__Data to examine__
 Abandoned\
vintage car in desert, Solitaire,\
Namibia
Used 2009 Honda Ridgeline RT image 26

==

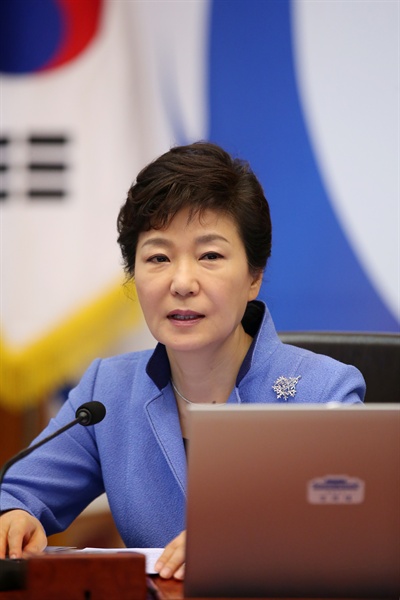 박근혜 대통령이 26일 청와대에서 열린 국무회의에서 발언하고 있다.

__Exercise instructions__
Which lines above run from the one containing "vintage car in desert, Solitaire,\" to the one containing "Used 2009 Honda Ridgeline RT image 26"? Give them again exactly, both ends included.

__Output of the task__
vintage car in desert, Solitaire,\
Namibia
Used 2009 Honda Ridgeline RT image 26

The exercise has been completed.